New export controls being considered by the U.S. government as part of a broader effort to prevent sophisticated surveillance software from being sold to rogue foreign governments could end up hurting legitimate vulnerability research efforts, Google warned Monday.
In comments filed with the U.S. Department of Commerce, Google expressed concern over U.S. participation in a multilateral export control agreement called the Wassenaar Arrangement.
"We believe that these proposed rules, as currently written, would have a significant negative impact on the open security research community," Google's Export Compliance Counsel Neil Martin and Tim Willis, a member of the company's Chrome security team, wrote in a blog.
The controls would hamper Google's ability to defend itself against malicious attacks and also undermine Web security overall, the two wrote. "It would be a disastrous outcome if an export regulation intended to make people more secure resulted in billions of users across the globe becoming persistently less secure," they continued.
The Wassenaar pact was originally designed to give Western nations a tool for exerting greater control over the sale and export of a wide range of dual technologies and arms. It was modified in 2013 to include controls for the export of "intrusion" software that can be used to spy on Internet users.
The Wassenaar update was prompted by concerns over the sale of sophisticated spying software by several companies in Western countries to regimes with dubious human rights records. Many fear that intelligence agencies and law enforcement authorities in repressive governments are using such products to spy on their own people and to monitor the activities of journalists, dissidents and rights activists. The European Union has already moved to implement the Wassenaar Arrangement updates.

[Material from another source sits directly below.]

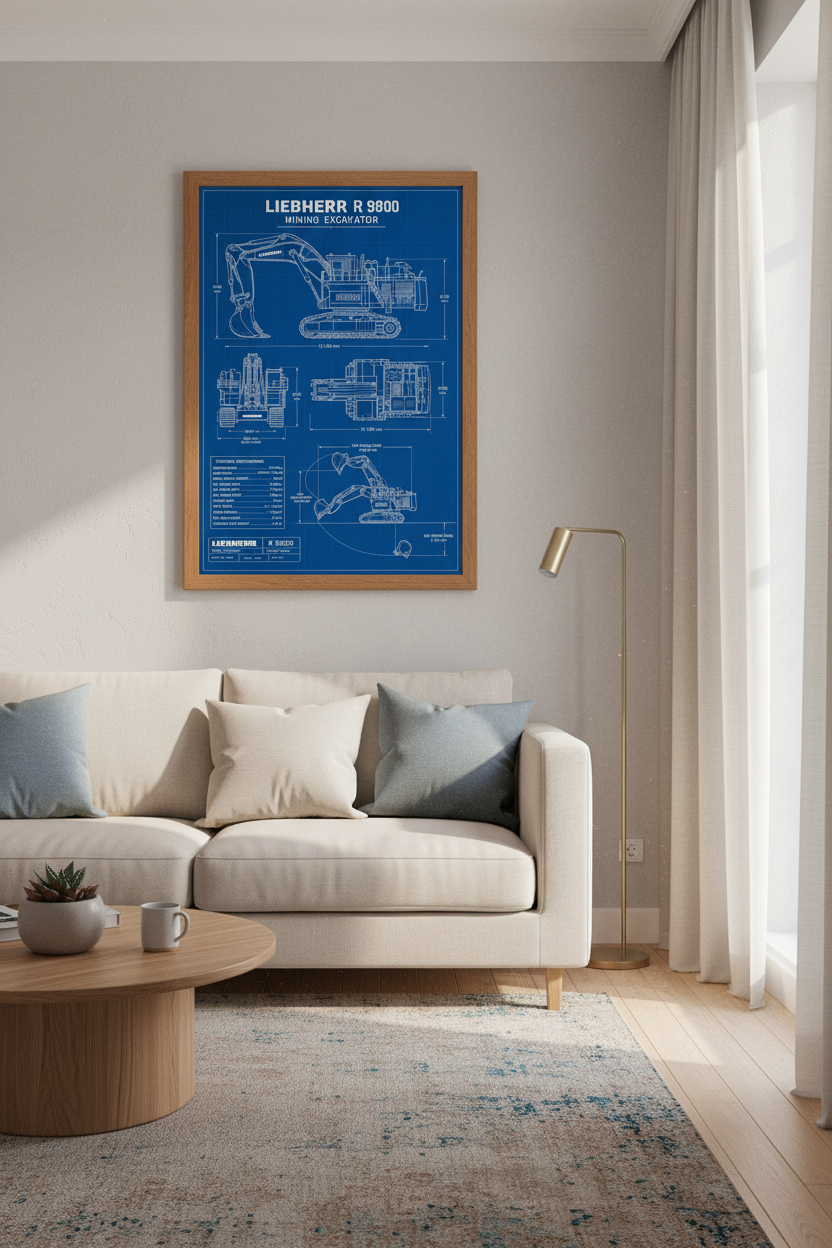 Liebherr R 9800 Excavator Blueprint | Industrial Office Decor | Mining Poster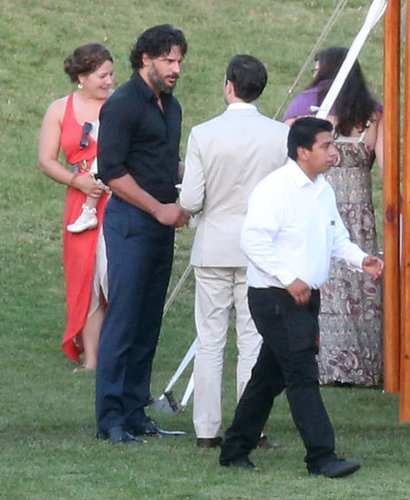 Joe Manganiello chatted with guests at the wedding.
Joe Manganiello chatted with guests at the wedding.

But in the United States, there are growing concerns over the Commerce Department's proposals for implementing the export controls. Much of the concerns have to do with the overly broad manner in which the department has chosen to define the software that will be subject to new restrictions.
In the EU, intrusion software that is available in the public domain is not subject to any licensing requirements or control. But in the U.S., that exemption is not available. As a result, software used for legitimate security research purposes, such as penetration testing software, could end up becoming subject to new restrictions and licensing requirements.
If the rules are passed as written, companies that conduct security research and the businesses that benefit from such research would face a completely unreasonable set of requirements, the Google executives wrote.
Last year alone, for instance, Google paid more than $4 million to researchers from around the world who found security problems in its products using a wide range of penetration testing and hacking tools. If the new export controls go into effect, Google would be required to request potentially tens of thousands of export licenses for such research, Martin and Willis said.
"Since Google operates in many different countries, the controls could cover our communications about software vulnerabilities, including: emails, code review systems, bug tracking systems, instant messages—even some in-person conversations," the company said.
If the proposed updates are implemented unchanged, they would also seriously impact the ability of global companies to share vital security information with staff situated in other countries, Google said.
Organizations should never require a license to be able to report a bug that needs to get fixed. Instead, the Commerce Department should have a standing license exemption for anyone who wants to report security problems back to a vendor in order to get the problem fixed, Martin and Willis wrote.
"This would provide protection for security researchers that report vulnerabilities, exploits, or other controlled information to any manufacturer or their agent," they said.